The city’s de facto central bank said on Friday that it would halve the amount commercial banks were required to hold in reserve against bad loans, in a move that could unlock a further HK$200bn of lending capacity.

Mr Chan said the government would seek to broaden economic support measures, but urged landlords in the city to provide relief for commercial tenants affected by the crisis. 

“We believe that this is the time for the property owners, including many large developers, to take on more social responsibilities,” he said. “Owners should actively respond to the community’s strong demand for rent reduction.”

Recent data have illustrated the extent of the havoc Covid-19 has wrought on Hong Kong’s economy.
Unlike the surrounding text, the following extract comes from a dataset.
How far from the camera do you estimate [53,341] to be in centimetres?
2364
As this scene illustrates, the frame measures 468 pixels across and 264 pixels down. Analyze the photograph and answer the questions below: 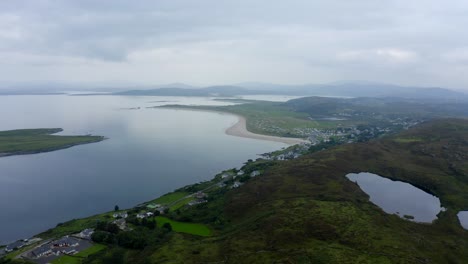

The IHS Markit Purchasing Managers’ Index for March signalled the second-sharpest deterioration of private sector conditions since the survey started in July 1998.

Retail sales in February plunged 44 per cent to HK$22.7bn compared with a year ago, according to the most recent data, marking the 13th consecutive monthly drop. In the three months ending February unemployment rose to 3.7 per cent, or its steepest rate in almost a decade.